In organometallic chemistry, many catalytic reactions benefit from the use of hemilabile ligands. In the chemistry
of metal-silicon compounds hemilabile auxiliary ligands are hardly used. This is rather surprising because
addition/elimination sequences play a much bigger role than in the organometallic chemistry of carbon compounds.
In addition, the activation of substituents at silyl ligands by the intermediate formation of silylene complexes can
be expected. Both possibilities have a huge potential tot metal-mediated trans-formations of organosilanes.
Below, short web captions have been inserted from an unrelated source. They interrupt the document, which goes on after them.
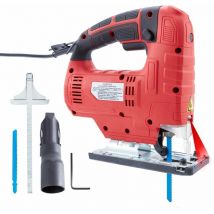 Arebos - Professional Jigsaw 710 w Ergonomic Handle 45° Left-Right Tilting Quick Saw Blade Change Connection for Dust Extraction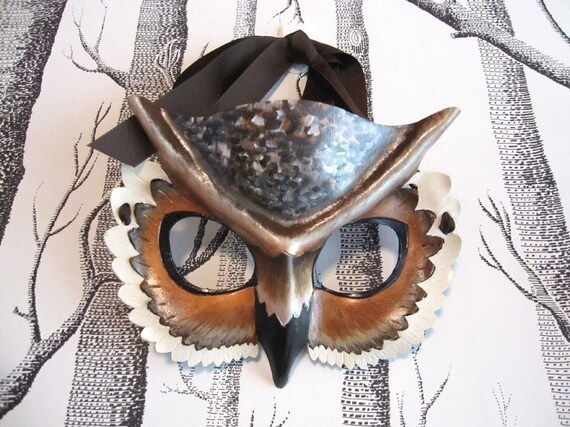 Horned Owl Leather Mask, Adult Size - Made to Order ECO-FRIENDLY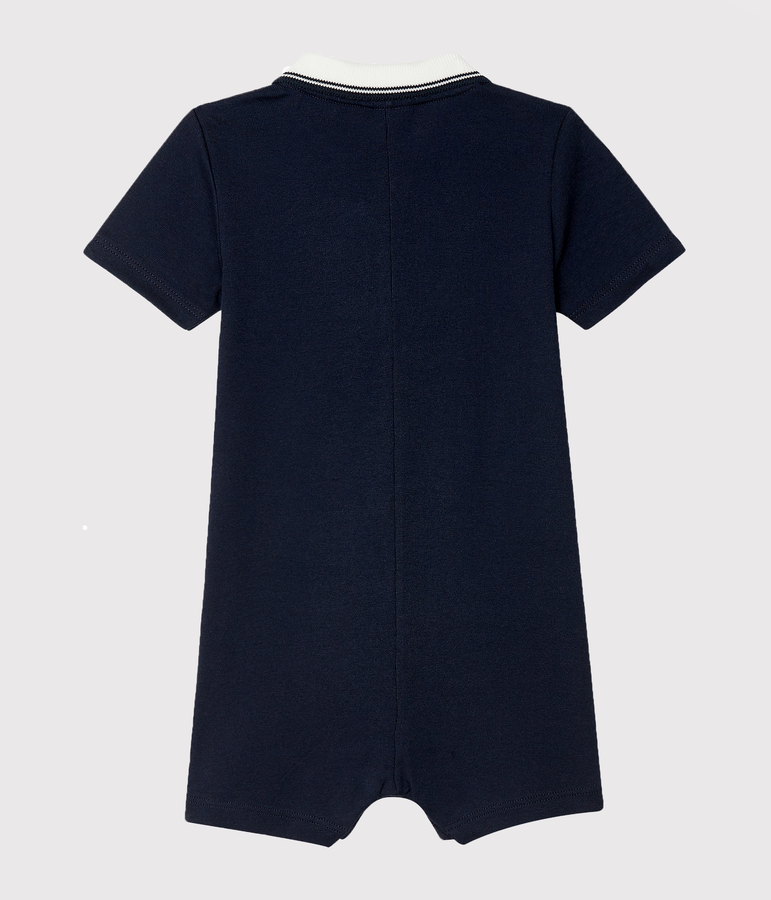 Baby Boys' Short Cotton Polo Shirt Playsuit blue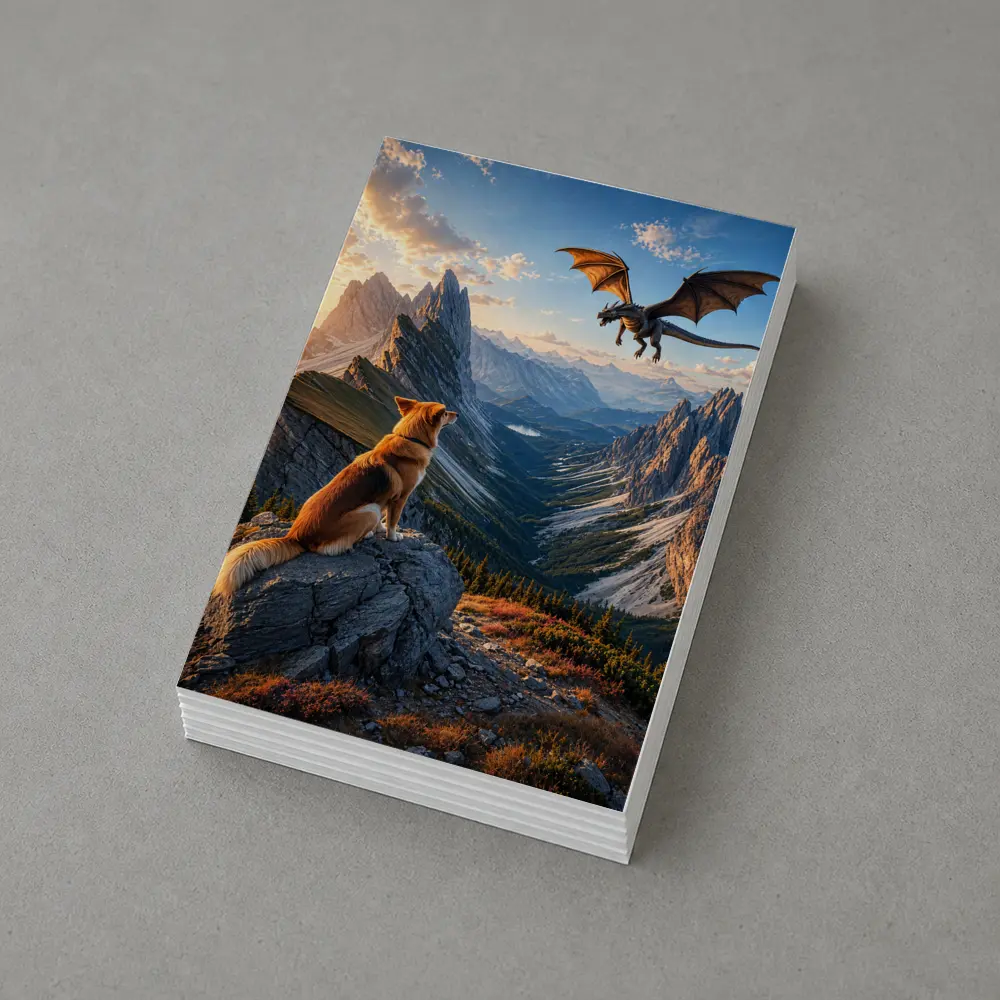 Corgi Dog Watching Dragon Over Mountain Peaks – Postcards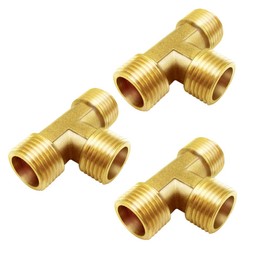Joywayus Brass Pipe Fittings 3/4"NPS Male Forged Tee Pipe Tube Fitting(pack of 3)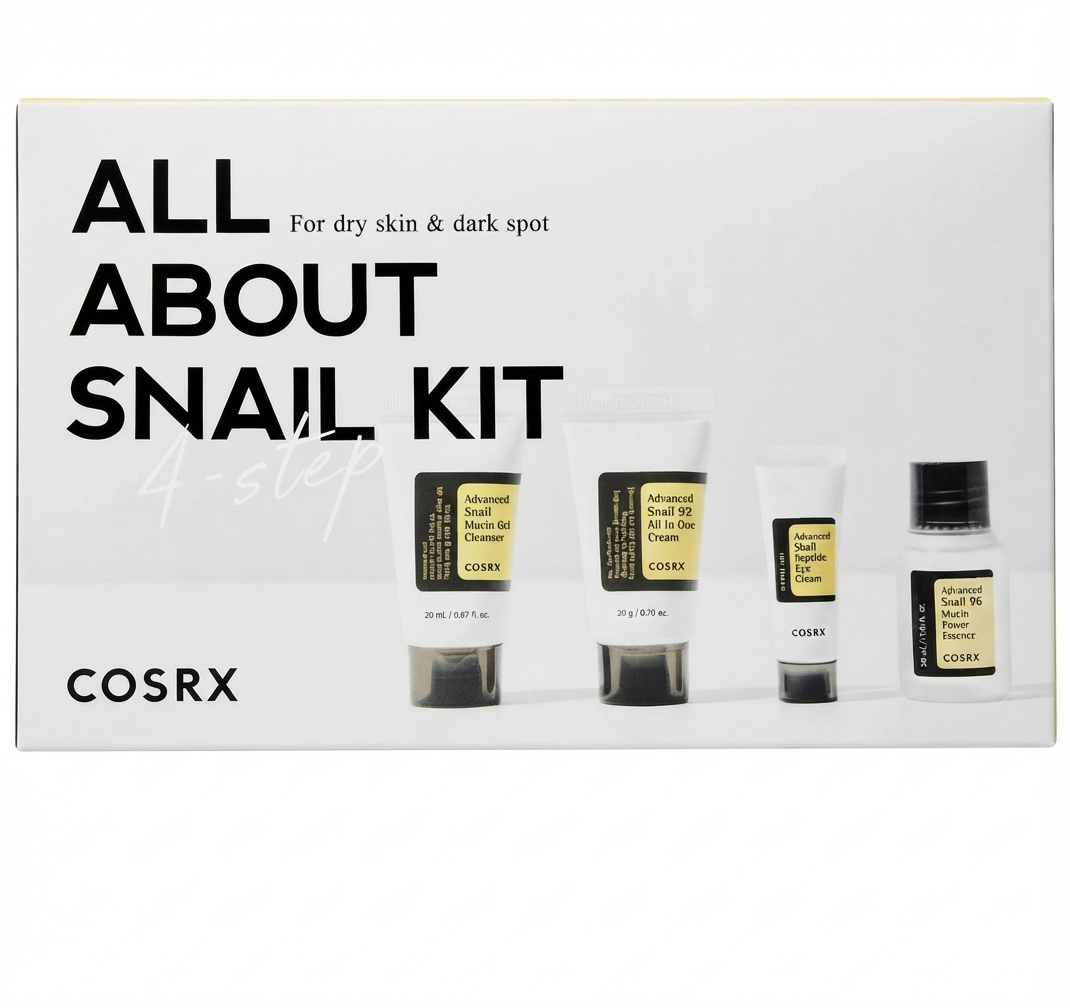 COSRX All About Snail Kit, un set de cuidado de la piel (skincare) coreano formulado con mucina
The goal of the project is to exploit the possibilities offered by the use of hemilabile ligands for the chemistry of
metal-silyl complexes and for the metal-mediated conversion of organosilicon products. We will investigate to
what extent catalytic or stoichiometric reactions of organosilanes known to proceed by oxidative addition/reductive
elimination sequences er E-bond metathesis reactions are promoted by the use of hemilabile co-ligands. The
reactivity of the system can be tailored by modifying the hemilabile ligand (ring size and conformation,
substituents at the donor atoms, etc.). Novel reactions of organosilanes are expected by a controlled access to metal
silylene intermediates, such as substituent exchange er dehydrocoupling reactions. Such reactions have a potential
tot new applications of organosilicon compounds.